The Navy is negotiating with Korean shipyard Kangnam Corporation Busan Shipyards for building two Mine Counter-Measures Vessels (MCMV) at the shipyard and the rest at home through technology transfer, sources in the Defence Ministry said.
The Navy now operates a dozen Pondicherry/Karwar class vessels — six each with the Western and the Eastern Fleet. These were built between 1970s and 1980s.
Price yet to be fixed
A Cost Negotiation Committee is yet to fix a final price tag with the shipyard under the project that was cleared some six years ago, the sources said. It was then estimated to cost up to Rs. 4,500 crore, but the actual cost could be much less.
The Navy is also considering acquiring from the U.S. two Osprey Class minesweepers.
These vessels were decommissioned in 2007 and subsequently, the U.S. Congress cleared their sale to foreign countries.Plans to look to the U.S. for arms continue as highlighted by The Hindu based on WikiLeaks cables on how Washington views sale of military hardware to India as a key part of its strategic partnership with New Delhi.
The Comptroller and Auditor General of India had made observations on landing platform dock INS Jalashwa (USS Trenton), procured by the Navy.

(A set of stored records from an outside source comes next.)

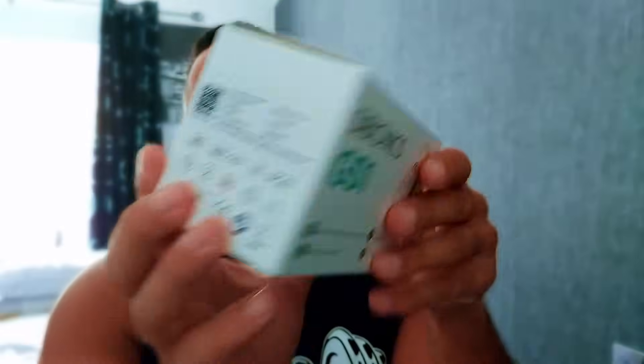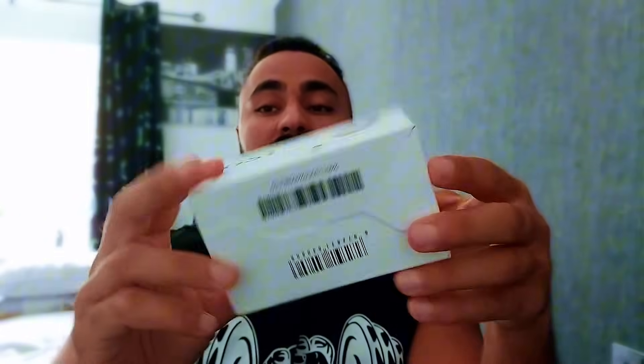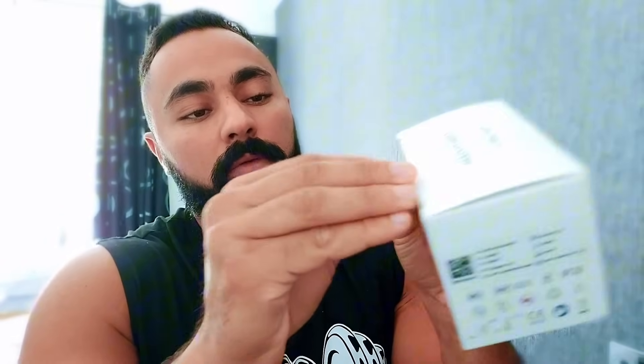So this is how the box looks. It is tiny — I mean, this is it. I can hide it in my hands; it's not massive. I'm just going to take that sticker off so we can open the box.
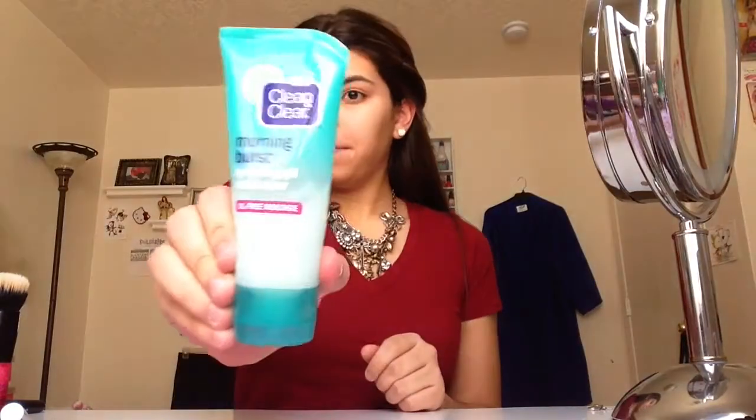So the first thing I'm going to do, as I always do, is just moisturize my face with the Clean and Clear Morning Burst Facial Moisturizer. I just want to put a thin layer all over my face.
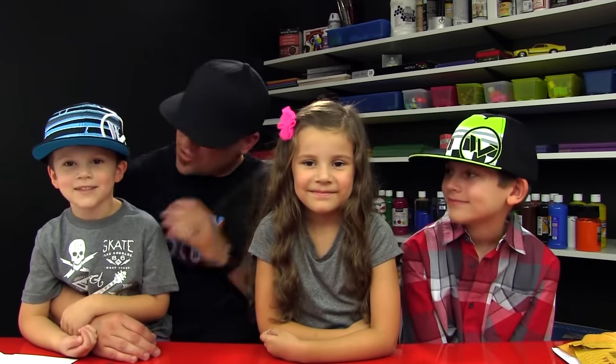Hey you guys, we're so glad you found our YouTube channel. My name is Rob and these are my kids, Chuckers and Hads. On our channel we draw and paint and we do origami. We try to have a lot of fun!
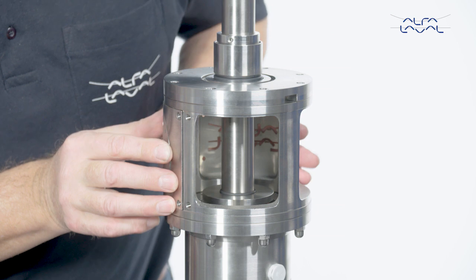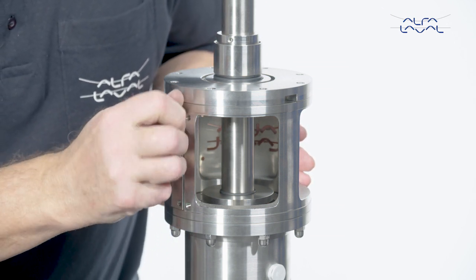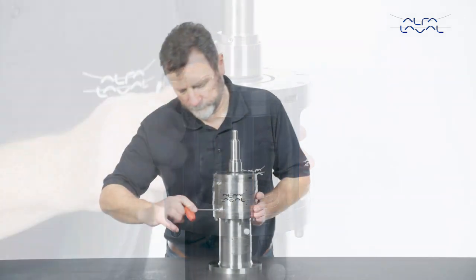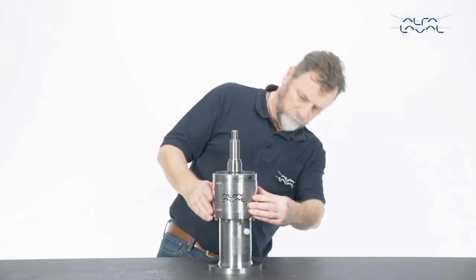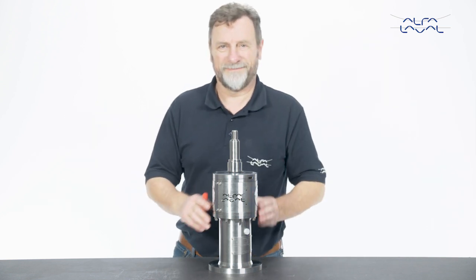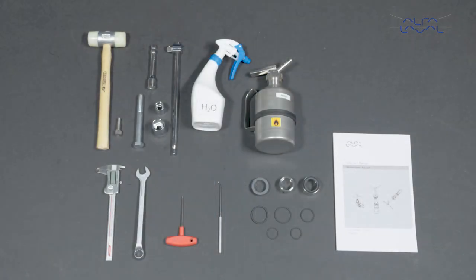Finally, remount the guards on the lantern. To maintain the Alfa Laval agitator as shown, these tools are required. Always remember to read the instruction manual thoroughly to make sure that you cover all of the maintenance steps. This video only shows you some of the steps. Thank you for watching.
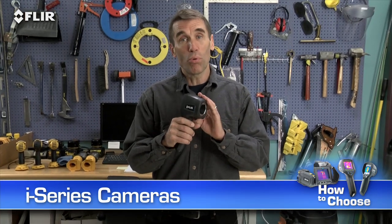Hi, Bob here to show you FLIR's handy i-Series cameras. These are extremely easy to use, point-and-shoot thermal imagers. They're going to help make your inspections more productive so you'll be able to take care of more customers. They're rugged, light and portable, and the best thing is they're the most affordable real thermal imaging cameras available.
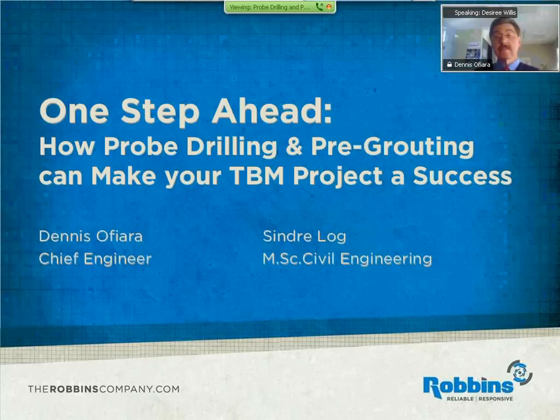Hello everyone, and welcome to the webinar, 'One Step Ahead: How Probe Drilling and Pre-Grouting Can Make Your Project a Success,' presented by Dennis Ophiara and Cendra Log. I am Desiree Willis, and I'll be moderating the Q&A throughout the presentation and at the end. I'd like to turn it over to our first speaker, Robbins' chief engineer, Dennis Ophiara.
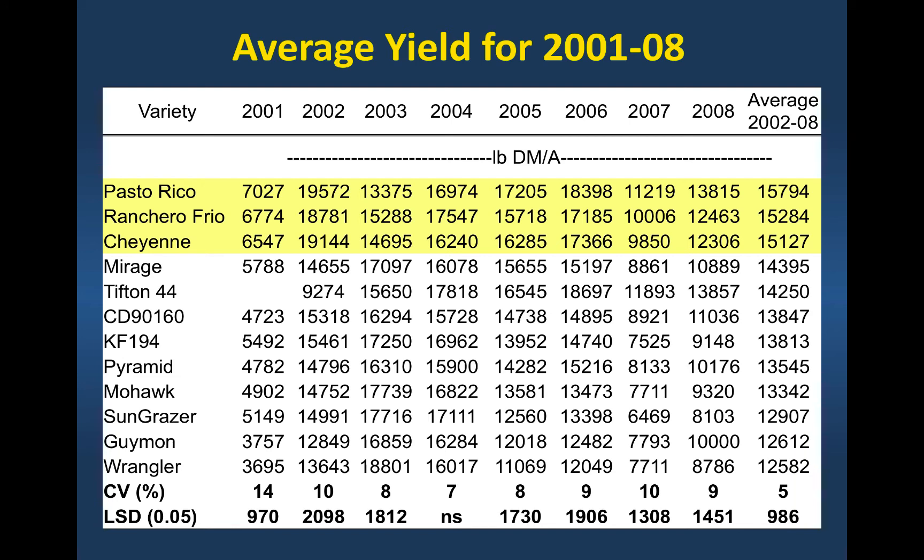Long-term production was good — six to seven and a half tons per acre depending on the variety over this period of 2001 to 2008.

In 2009, it commented on the acquisition of 6 UH-3H helicopters for use on the ship.
Recently, Defence Minister A.K. Antony defended the purchase of these decommissioned helicopters at a price of Rs. 182 crore, stating that it was essential to procure them along with Jalashwa so as to avoid additional transportation costs and that these would meet the requirement of the vertical lift component of the ship.
With the induction of helicopters, the ability to perform various roles like transportation of combat troops, vertical replenishment, and other roles to enhance the operational requirement of the ship was enhanced, Mr. Antony said, adding that procurement of new helicopters would have taken at least five years more and at higher costs.